この序盤の9失点はどちらかというと、"9点分を捨てながら琉球の引き出しを観察していた" 印象だ。

松脇選手は並里を観察しながら、彼がミドルシュートに自信を持っていることや、どれくらい自分がプレッシャーを掛けられるか等の間合いを図った後、ファイトオーバーで対応する判断をした。(彼はDF面ではかなり頭が良い)
スクリーンをかいくぐり、並里と常にゼロ距離を保ってプレッシャーを掛ける対応だ。

さらにこの日の琉球のP&Rの多くは、PGがドリブルした状態からスクリナーをトップへ呼んで始める形だ。
富山はこれの対応を非常に得意としている。

松脇が並里のP&Rに早々に適応し、琉球が並里選手から決定的なズレを作れなくなるとこの富山の持ち前のDFが機能し、9失点した出だしの2分30秒から一転、その後の5分間で2失点に抑え込んだ。

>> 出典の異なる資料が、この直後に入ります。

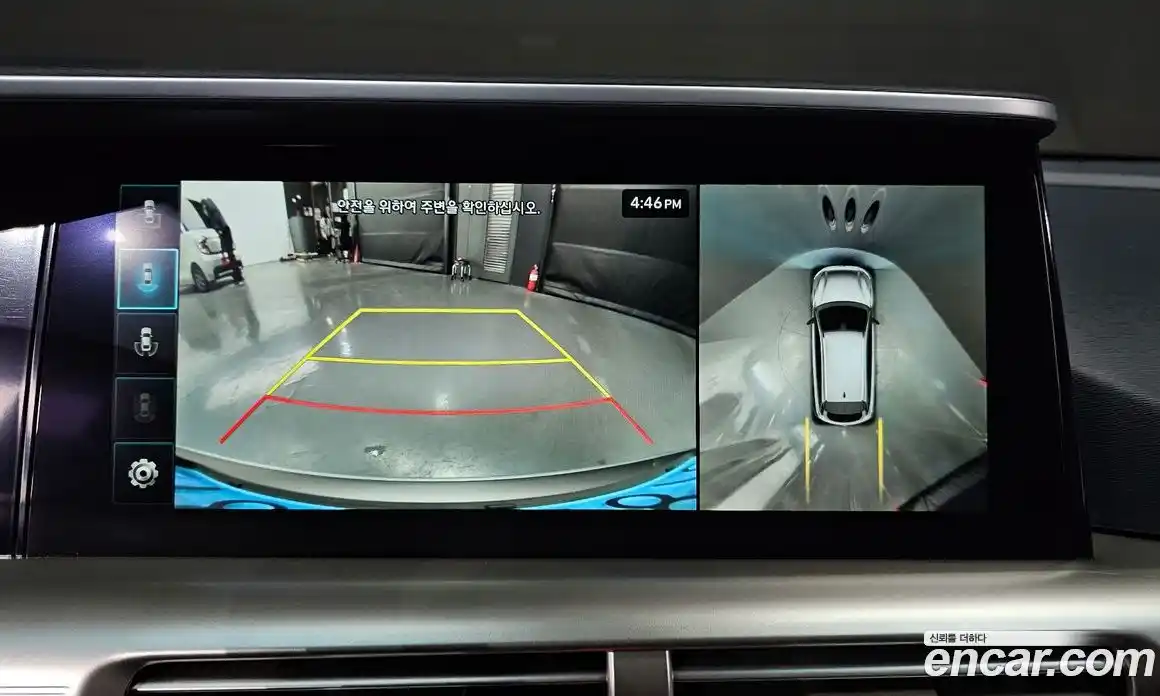 Hyundai Nexo 2023 Автомат в Москве № 518340, фото 15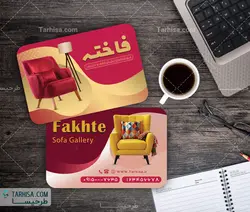 کارت ویزیت مبلمان مدل 5 | طرحیسا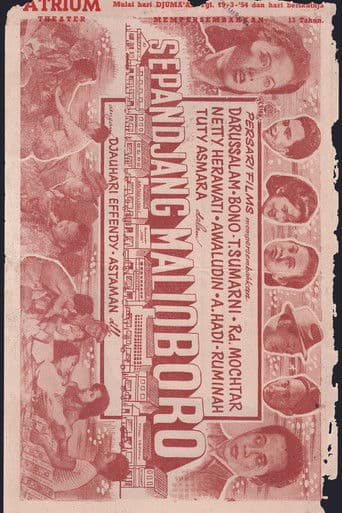 Sepandjang Malioboro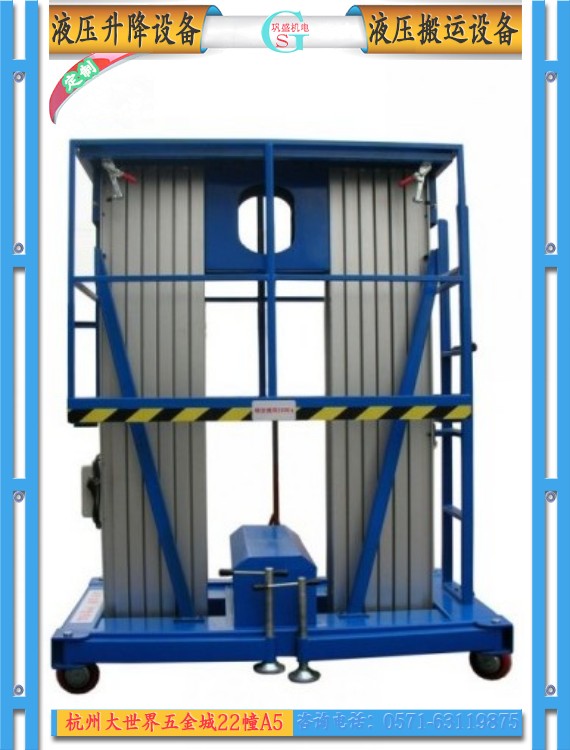 杭州铝合金升降平台 sjg2000-3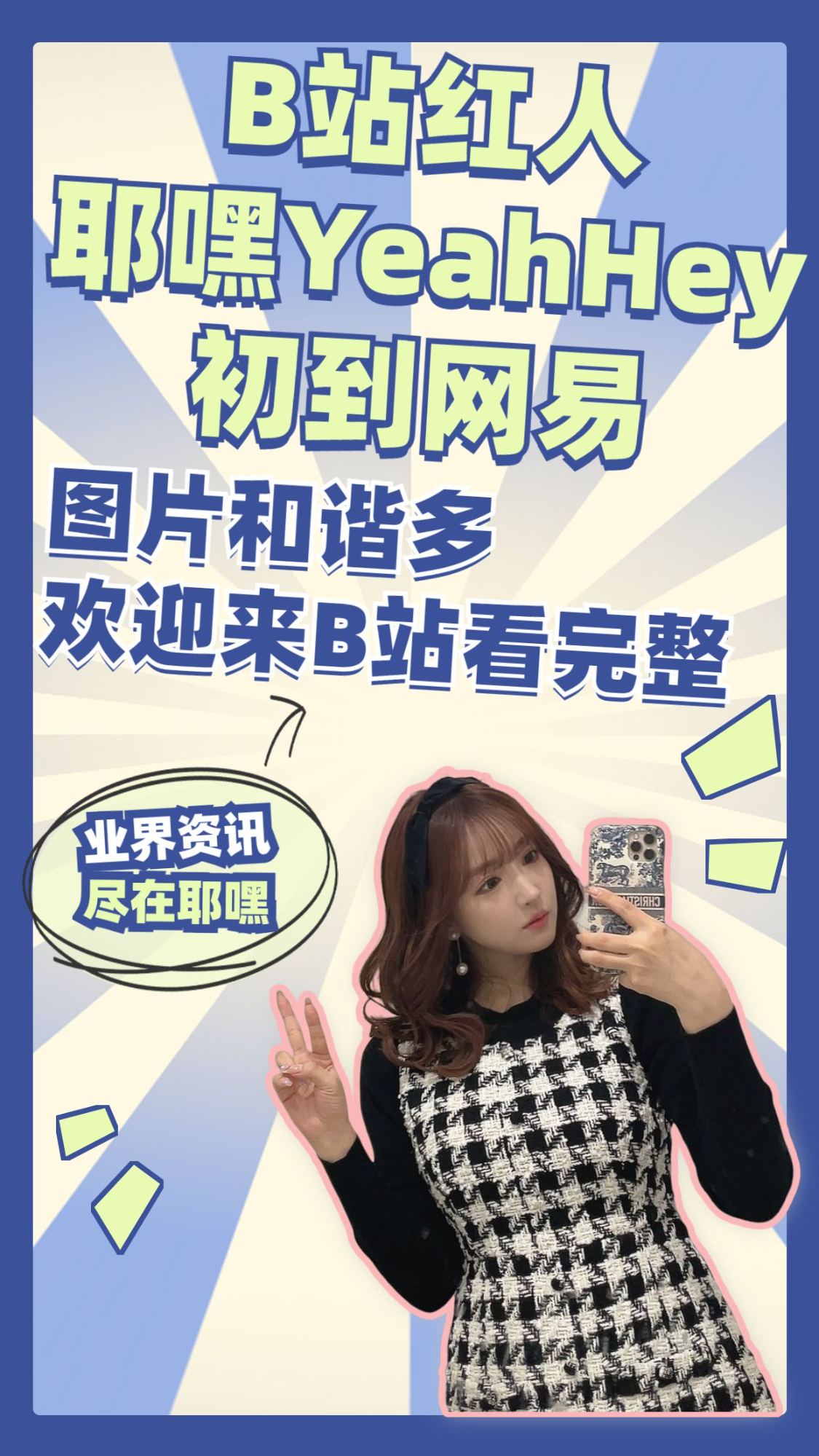 亚洲欧美国产中文精品推荐，时尚潮流一网打尽，全球热销不容错过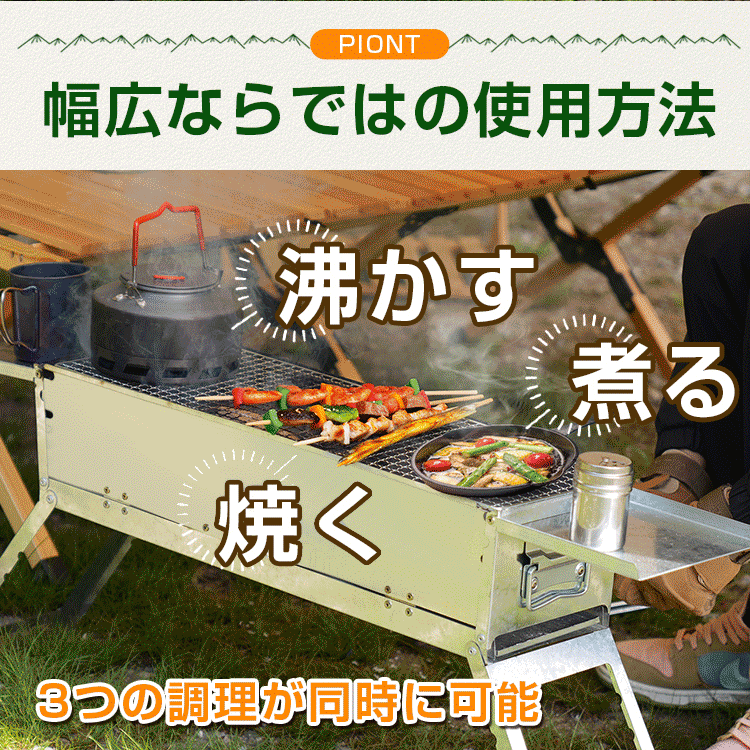 バーベキュー コンロ 折りたたみ 炭 BBQ グリル 網 鉄板 炭受け 収納袋付き 幅広設計 コンパクト キャンプ 焼肉 アウトドア お花見 od528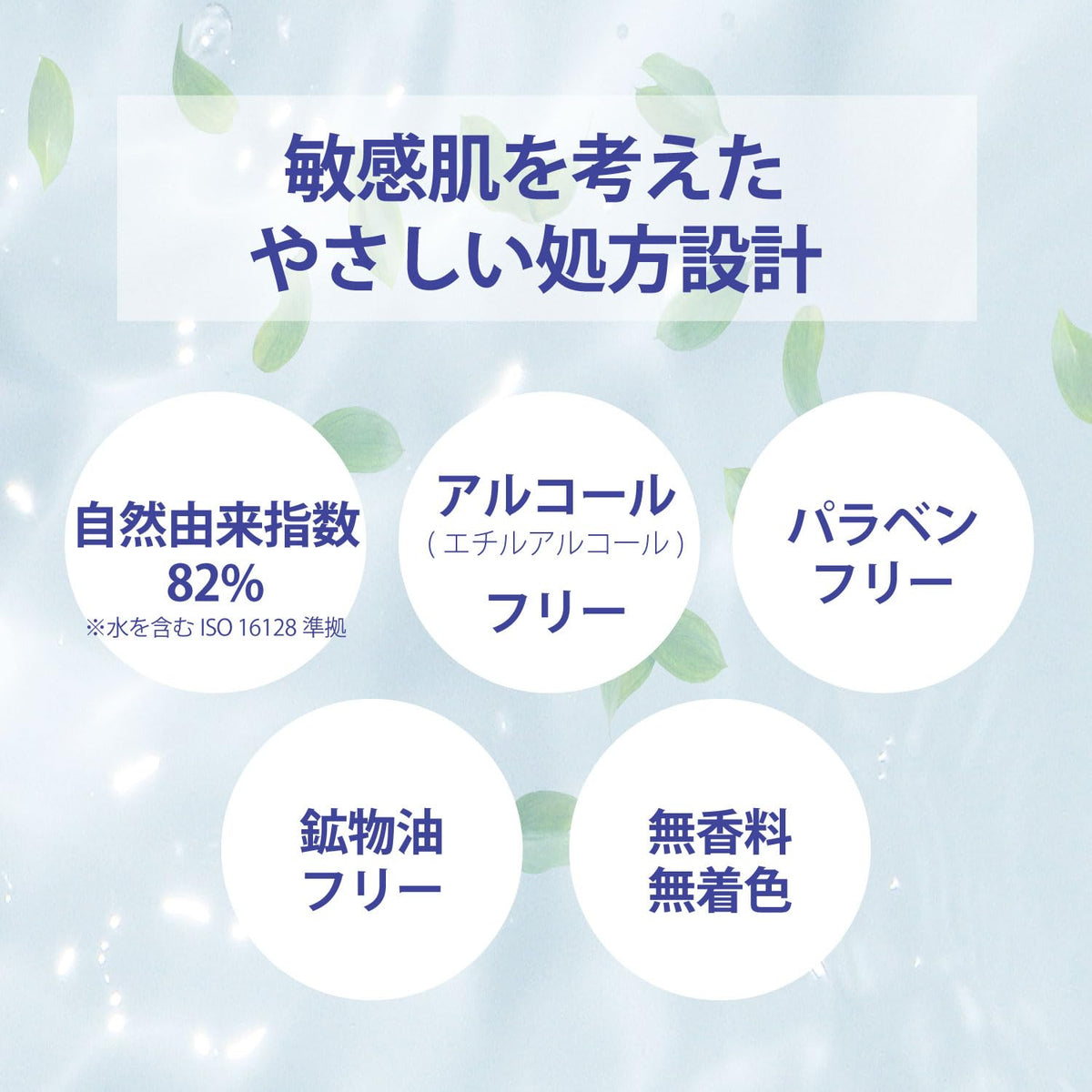 Sekkisei Clear Wellness Mild Peel Care Serum 30mL for Japanese Skincare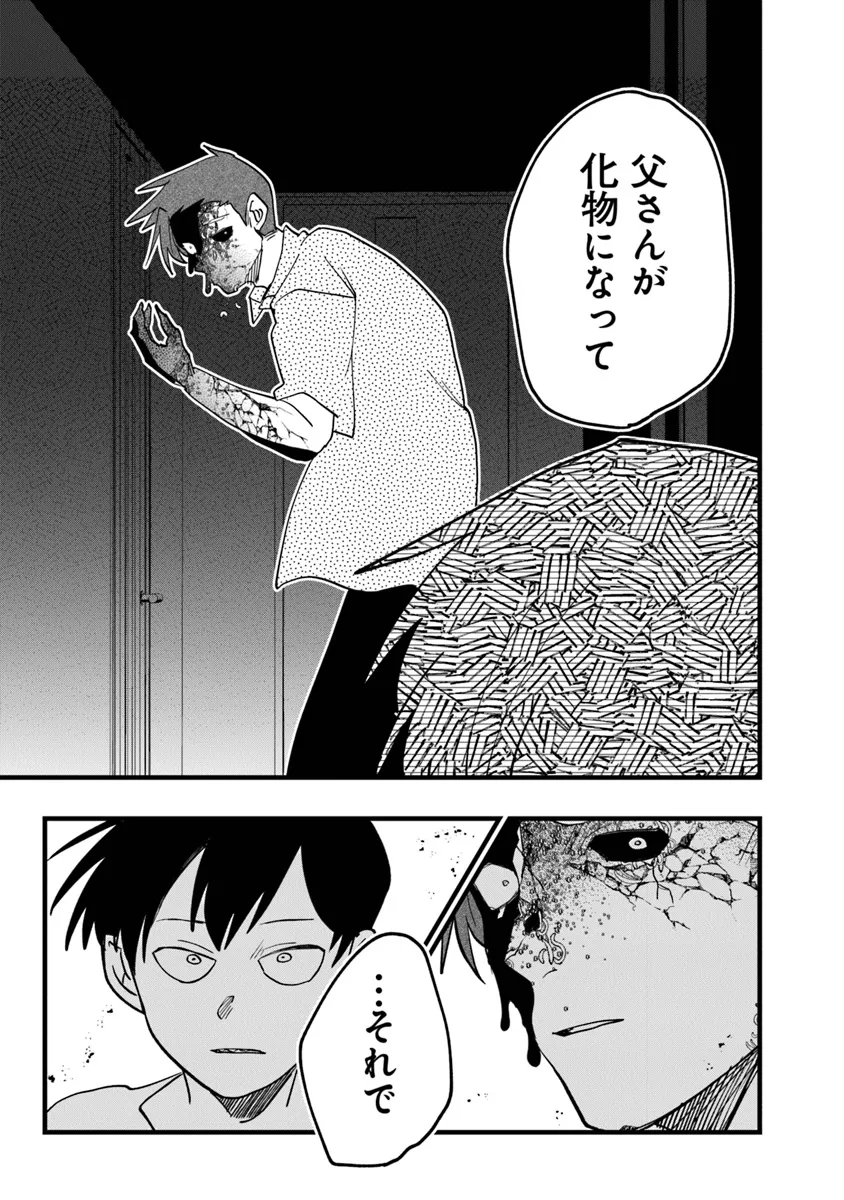 KAFKA: Fukashigi na Jikenbo Chapter 7.2 9ページ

さらに3得点に留まったオフェンスに関しても、富山は各選手のオプションを試しながらどこが良いかを探っていた。
点は取れずともこの時点で既に3つファールをもらえていたし、ターンオーバーも起こらず各自が自分のシュートで終われていたため、スコアほど富山は焦っていなかった。
(最近の富山は相手にファールを付けながら、こういう先を見越した様子見の入りをする傾向がある)

開始2分で田代選手が2ファールでベンチに下がったことも相まって、宇都選手の所が相手に効いているとわかると彼にボールを集め、富山は得点ペースを上げていく。

琉球のスコアが2点に留まっている間に12点を積み上げ、15-11まで戦況を変えた。
こうして3-9から始まった1Qは26-20で終了した。


2Q _2点差から再び11点差へ。その理由は?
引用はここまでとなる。